More must be done to help people who have lost weight to keep the pounds off, experts have said.
Interventions that help people keep the weight off have "small but significant" benefits on weight loss maintenance, they said.
Academics from the University of Newcastle said in a bid to try and stem the UK's growing obesity epidemic, NHS officials should plough more resources into helping those who have managed to shed the pounds.
While weight loss interventions can produce initial weight loss, a third of people usually regain a third of the weight within a year and the rest within three to five years.
The academics, alongside researchers from Fuse, a centre for research in public health, examined previous studies on weight loss interventions.
Their paper, published in the BMJ, looked at 45 previous studies from around the world, involving 7,788 people. The interventions examined included helping with dietary changes, physical activity, drugs, food supplements and meal replacements.
They found that those who received weight loss interventions including both exercise and dietary changes regained 1.56kg less over a year than people who had no help to keep their weight off.

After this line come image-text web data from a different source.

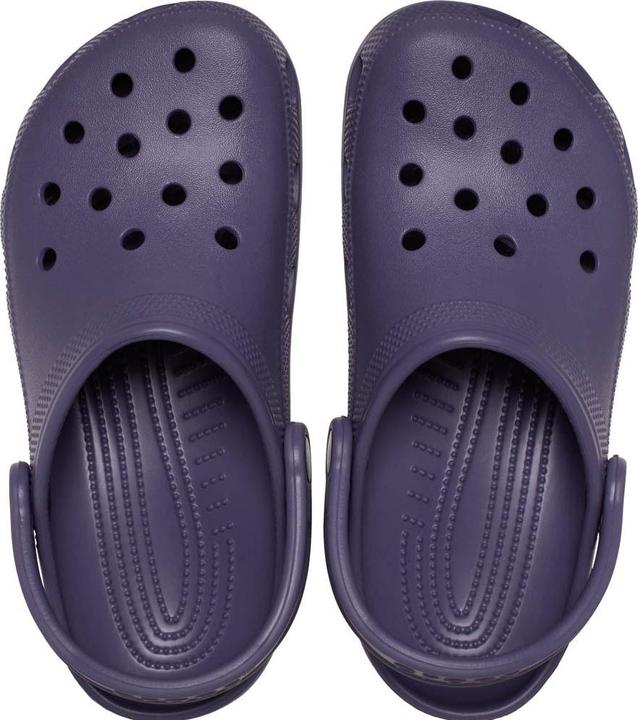 Produktbild Crocs Classic Clog (41, 41.5, 42, 41 1/3)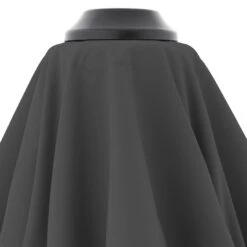 Doppler Active Green Edition Ampelschirm 310x210cm Anthrazit 20 Doppler Active Green Edition Ampelschirm 310x210cm Anthrazit -Gartenmöbel Geschäft doppler active green edition ampelschirm 310x210cm 1446866 9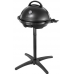 Гриль Russell Hobbs George Foreman 22460-56 Indoor Outdoor Grill (6356248)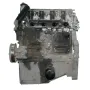 Двигател L12A1 1.2 Honda Jazz 2002-2008 ID: 134163, снимка 4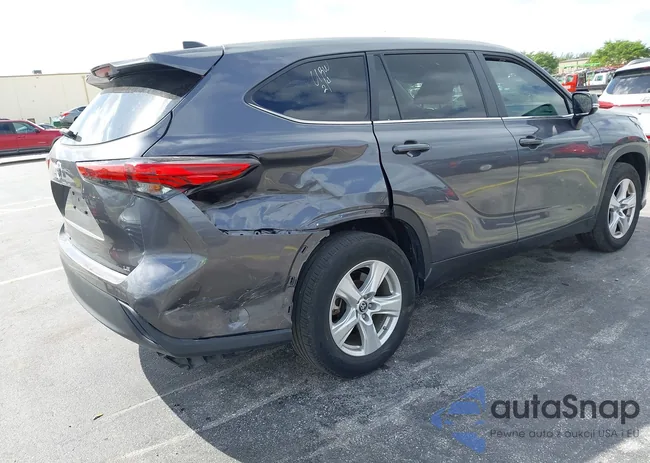 5TDKDRAH7PS509046: 41572986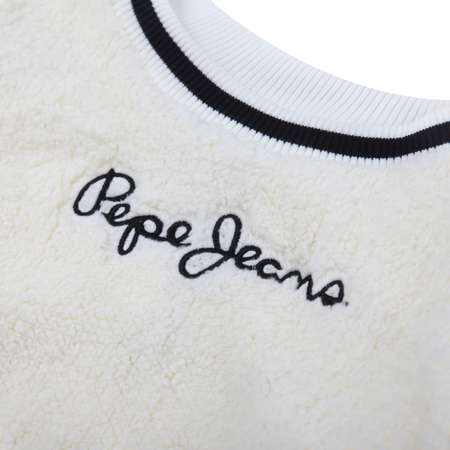 Толстовка Pepe Jeans London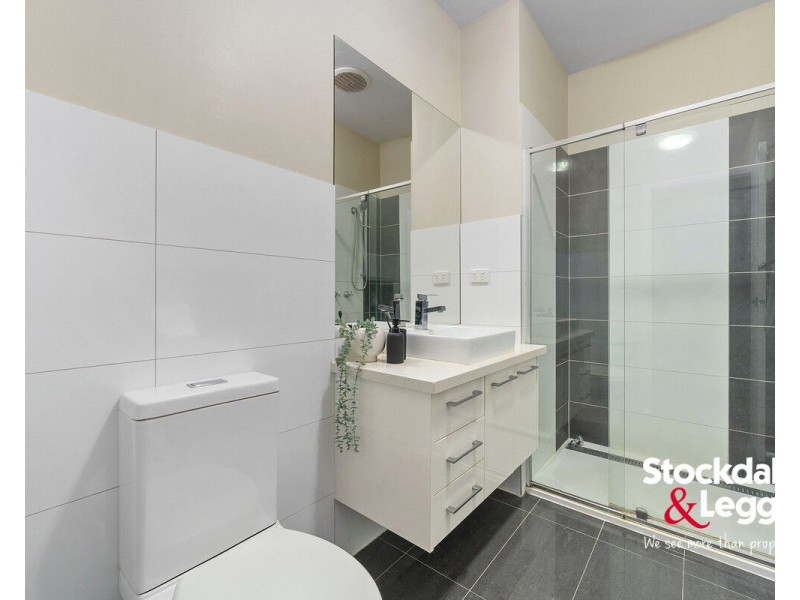 1A Lee Street, Fawkner VIC 3060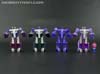BotCon Exclusives Reflector - Image #123 of 125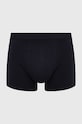Boxerky Scotch & Soda viacfarebná 162411
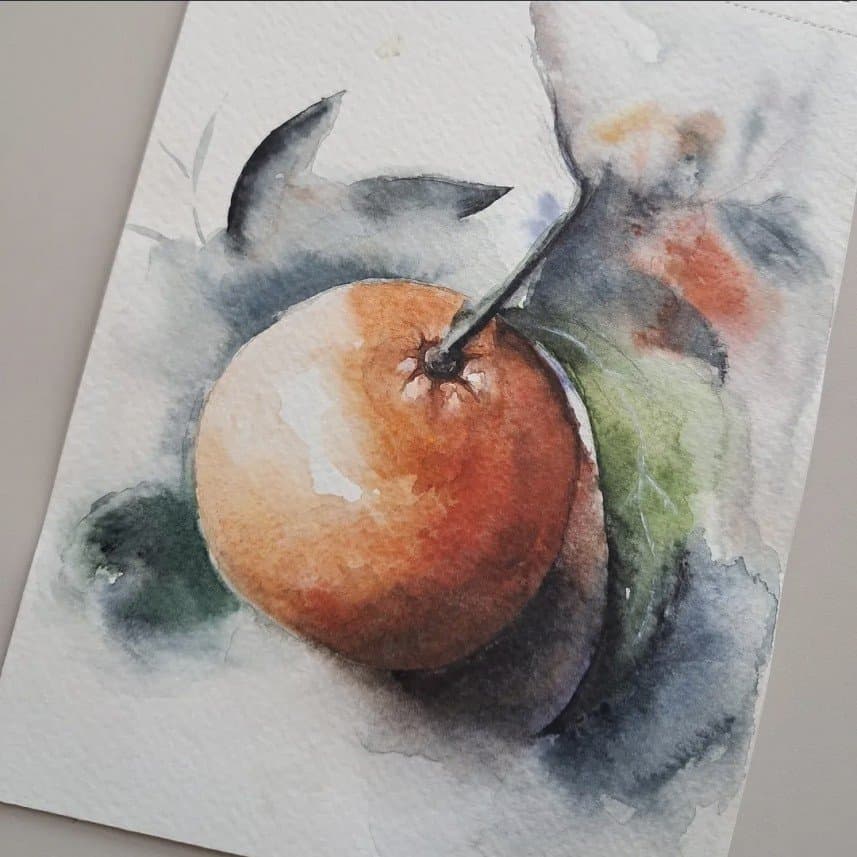 Emre Ş. — çalışma 5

Dr Falko Sniehotta, reader in health psychology at Newcastle University, and member of Fuse, said: "Many people succeed in losing weight but struggle when it comes to keeping it off. If we are going to improve public heath then maintaining weight loss is one of the key issues that we need to solve.
"Our findings are encouraging as they demonstrate that we can slow down weight regain.
"As a society we make considerable personal and financial investments in weight loss. To translate these investments into better public health we need to ensure optimal support for those who have lost weight.
"More effort is needed to understand the psychology and physiology of weight loss maintenance, to optimise interventions and to make evidence-based support widely available to the people who have demonstrated their determination by losing pounds."